Devrimci demokratik güçlerin tartışmanın merkezinde yer alarak ezilenlerin ve emekçilerin lehine bir seçeneği yaratması gerektiğinin altını çizen Yılmaz, "AKP ile cemaat arasında ya da AKP/CHP arasında bir tercih yapmak zorunda değiliz. Emekçilerin, ezilenlerin bağımsız sesini yaratabiliriz. Bütün bu kirliliğin içinde temiz, halktan, ezilenden yana bir alternatifi açığa çıkartabiliriz. HDP/HDK bu seçeneğin en derli toplu adresi görünüyor. Ama HDK/HDP'deki güçler olarak bununla da yetinmememiz gerekiyor. Yeni siyasal dengeler, gelişmeler bize bu cepheyi daha da genişletme ve bugüne kadar HDK/HDP zeminine katamadığımız devrimci demokratik güçleri bu cephenin içine katma göreviyle yüz yüze bırakıyor."
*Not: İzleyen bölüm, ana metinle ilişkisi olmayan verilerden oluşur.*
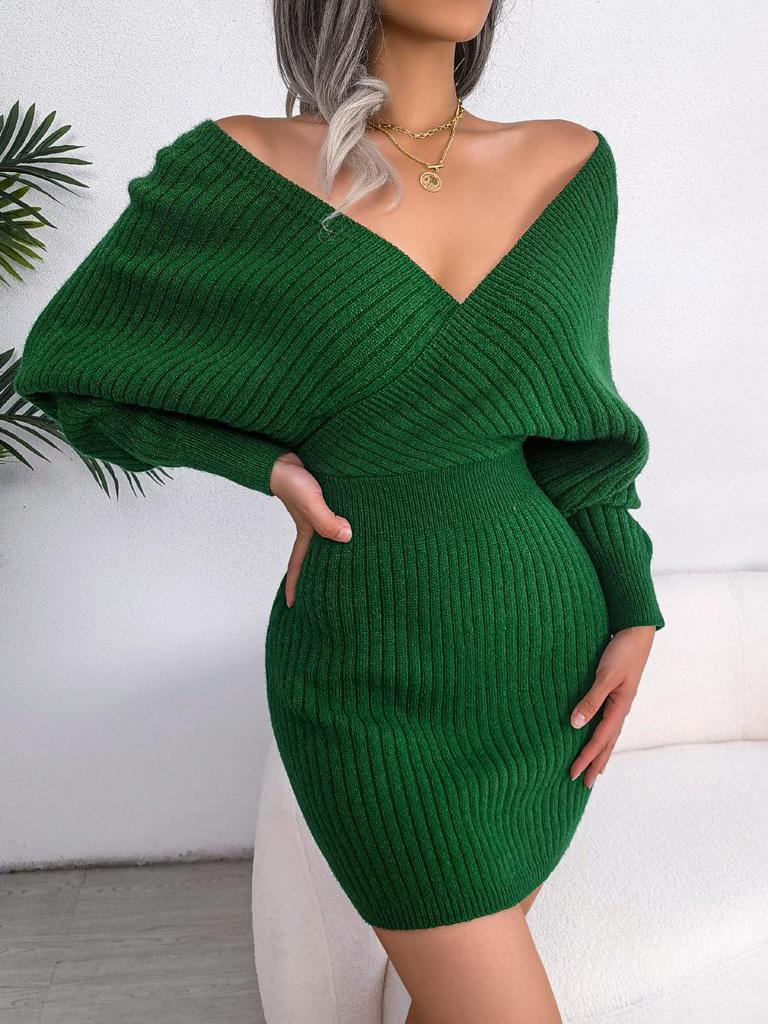 2025 Autumn/Winter European & American Sexy Cross V-Neck Batwing Bodycon Sweater Dress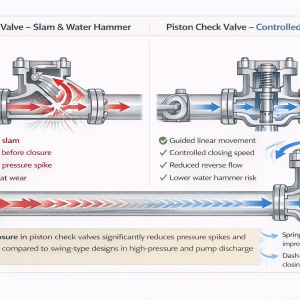 Perbandingan katup periksa piston vs katup periksa ayun yang menunjukkan efek water hammer, gerakan cakram, dan perilaku penutupan terkontrol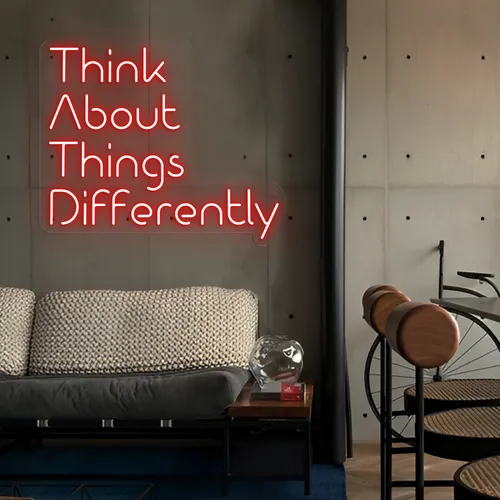 Think About Things Differently LED Neon Sign - Custom Coasters Now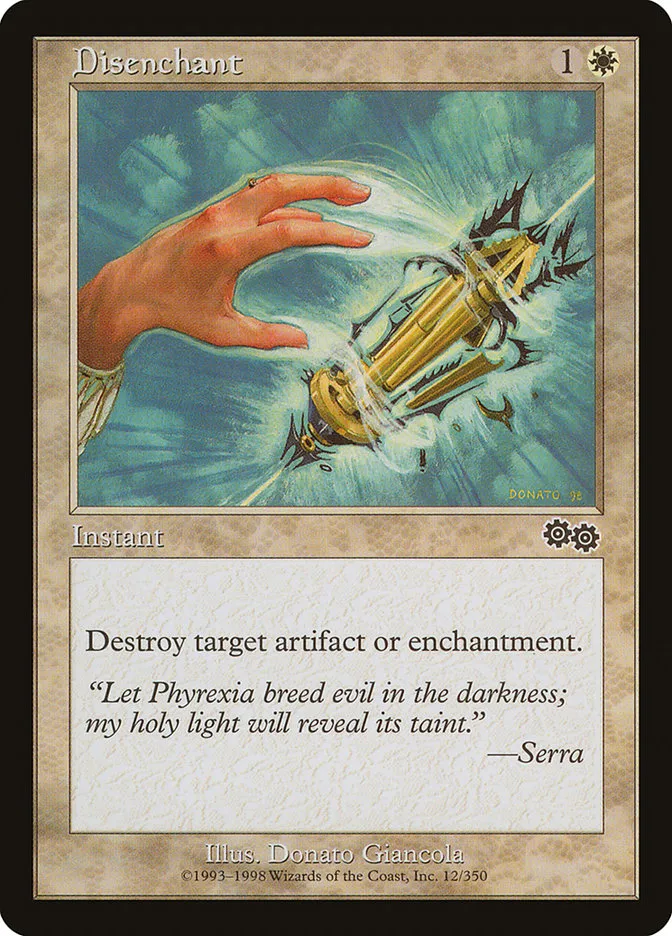 1998 Urza's Saga Disenchant common #12 common card image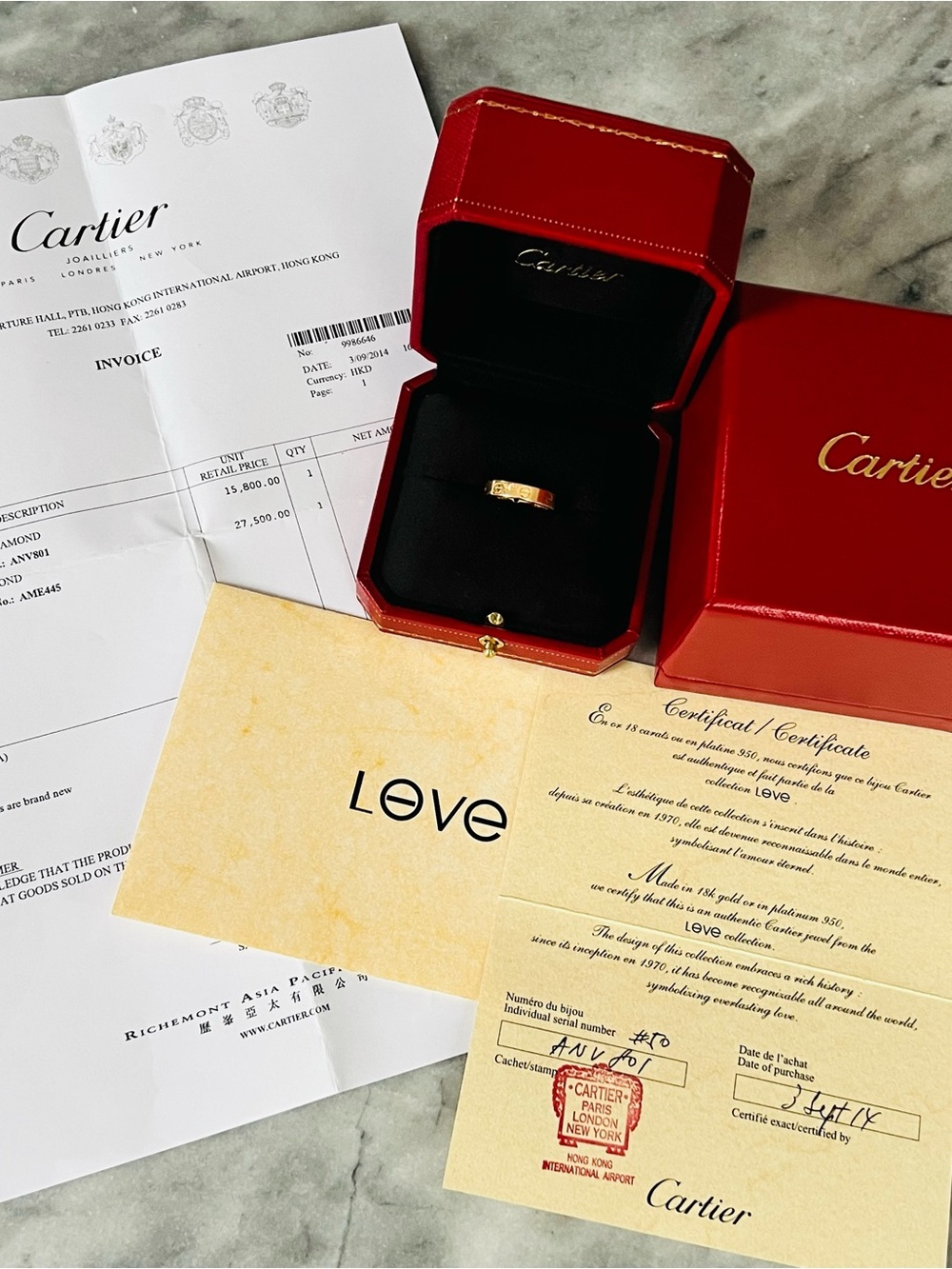 Authentic Cartier Love Ring in Pink Gold with Red Box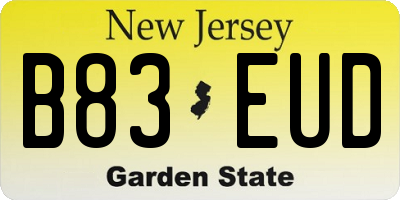 NJ license plate B83EUD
SYKP Eşbaşkanı Yılmaz, bu tartışmanın içerisinde hiçbir koşulda sermayenin kanatlarından herhangi birinin tarafında olmamak gerektiğinin altını çizdi, "Örneğin, Erdoğan'ı zayıflatmak için Fetullah'ı ya da CHP'yi güçlendirecek stratejiyi asla izlememek gerekiyor. Burada sermayenin bütün kanatlarından bağımsız bir politik odak yaratmak zorundayız. Bu odağın şu ana kadar ulaşabilmiş en ileri hali HDK/HDP'dir" dedi.
Yılmaz, "Ortaya çıkan çatışmanın büyüklüğü HDK/HDP odağını da genişletme göreviyle bizi yüz yüze bırakıyor" diye konuştu.
HDK güçleri olarak, politik ortamda ortaya çıkan boşluğu dolduracak bir çağrı yapmaları gerektiğinin altını çizen Yılmaz, "Bu çağrıyı bütün devrimci demokratik güçlere yapmamız gerekiyor. Burjuvazinin o ya da bu kanadının temsilcilerine doğru değil" dedi.